In other words, regional studies, race, ethnicity, and postcoloniality are inextricable from studies of environmental literature. Our aim with the LSJE initiative is to engage students who share the desire to approach canonical, contemporary, and newly discovered historical literature through the intellectual media of these combined sensibilities. Students will revisit important texts in a new light—across political boundaries into bioregions--within environmental historical contexts.
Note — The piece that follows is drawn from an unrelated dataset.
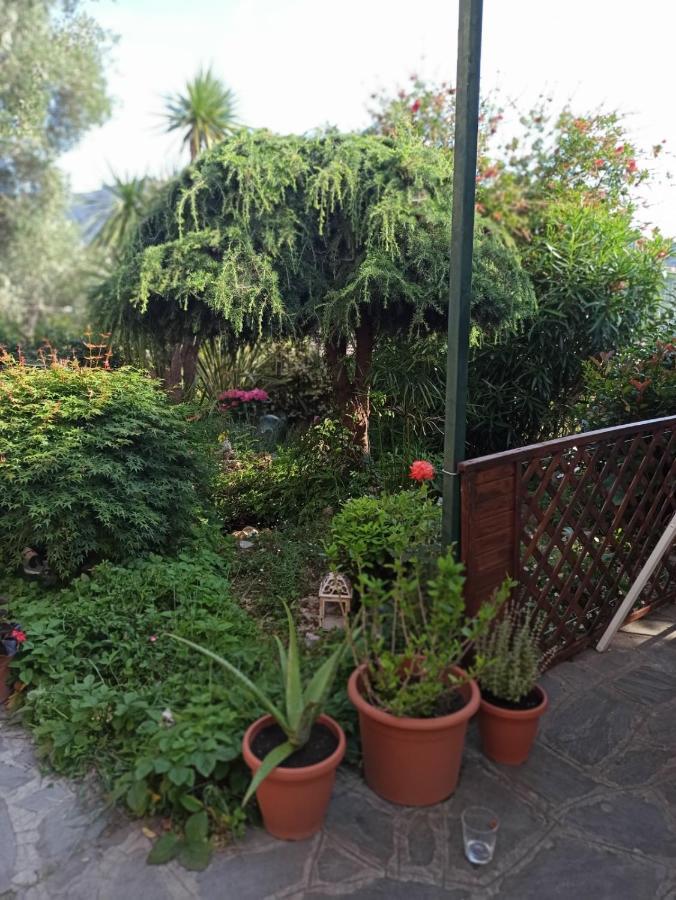 Il Glicine Cozy Appartamnent, Near Sestri Levante Between Cinque Terre E Portofino Casarza Ligure Exteriér fotografie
Students pursuing study in LSJE will have the chance to take courses in ecocriticism, race and gender theory, and appropriate literary periods and subjects. MA students may take as many as 15 hours of coursework in such areas and write a thesis. PhD students must take at least 18 hours and can take more. Students will also have access to the Sowell Collection in Literature, Community and the Natural World, one of the finest repositories of contemporary literature of natural history. They may also have the opportunity to work directly with Barry Lopez, a Visiting Distinguished Scholar at Texas Tech University. Mr. Lopez has brought exhibits to the University's art gallery, taught workshops, and makes twice-annual visits to campus to meet with students in a wide range of disciplines.
- Bernadette Russo (Ph.D. 2020) is Visiting Assistant Professor in the Department of English at the University of Central Oklahoma
- Luke Morgan (Ph.D. 2019) is Tutor Trainer and Coordinator in the Center for Academic Excellence at Metropolitan State University in St. Paul, Minnesota.
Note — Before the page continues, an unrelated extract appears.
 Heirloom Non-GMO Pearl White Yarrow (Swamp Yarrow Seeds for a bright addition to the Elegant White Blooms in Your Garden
- Monica Montelongo-Flores (Ph.D. 2016) is an Assistant Professor at University of California, Stanislau.
- Kerry Fine (Ph.D. 2015), just accepted a full-time instructor position with the Writing Program at Arizona State University.
- Brandon Schuler (Ph.D. 2014) is an environmental activist, advocate for Ocean Conservancy, and an author for Outdoor Life.
- Maria O'Connell (Ph.D. 2012) is an Associate Professor of English at Wayland Baptist University.
- Quan Ha (Ph.D. 2011), the first Ph.D. student to graduate with a concentration in LSJE, is a Professor of American Literature & Ethnic Studies and the Director of Literature for the Department of English at the University of Montana.